■ **Problem**: From top to bottom, return the listing exactly as it appears, omitting its images.

■ **Recorded information**:
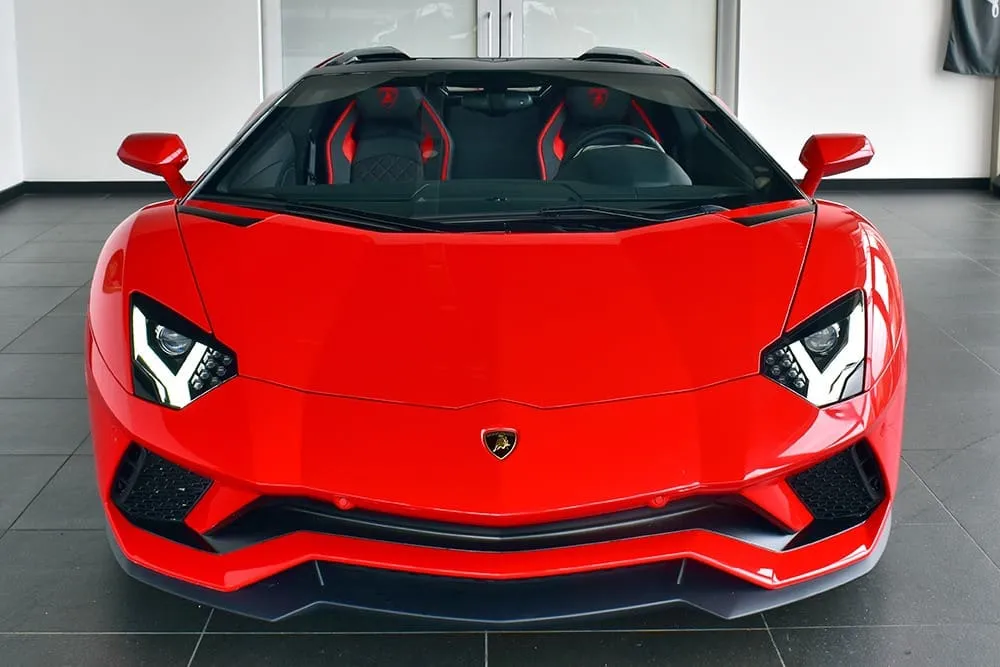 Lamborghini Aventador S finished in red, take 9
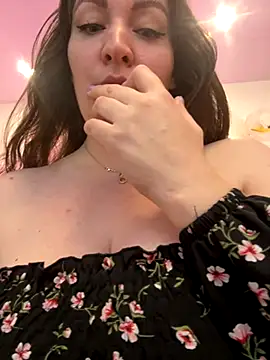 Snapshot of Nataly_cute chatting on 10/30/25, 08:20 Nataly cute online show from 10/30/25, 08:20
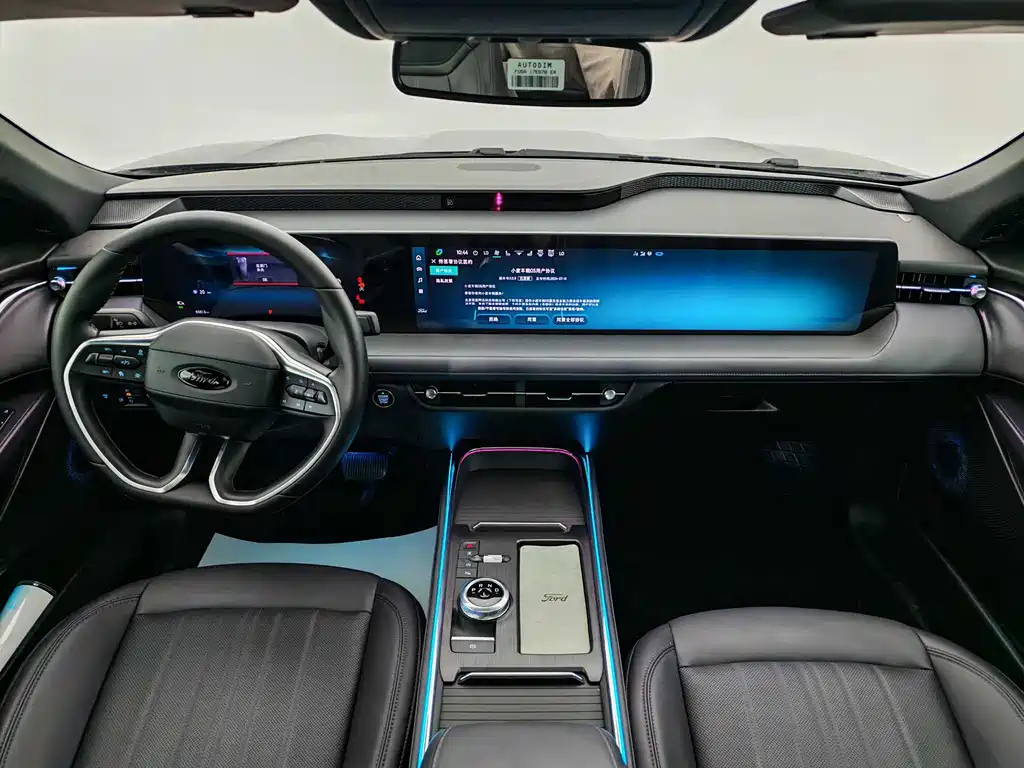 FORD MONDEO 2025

■ **Response to this exercise**:
 Lamborghini Aventador S finished in red, take 9
 Snapshot of Nataly_cute chatting on 10/30/25, 08:20 Nataly cute online show from 10/30/25, 08:20
 FORD MONDEO 2025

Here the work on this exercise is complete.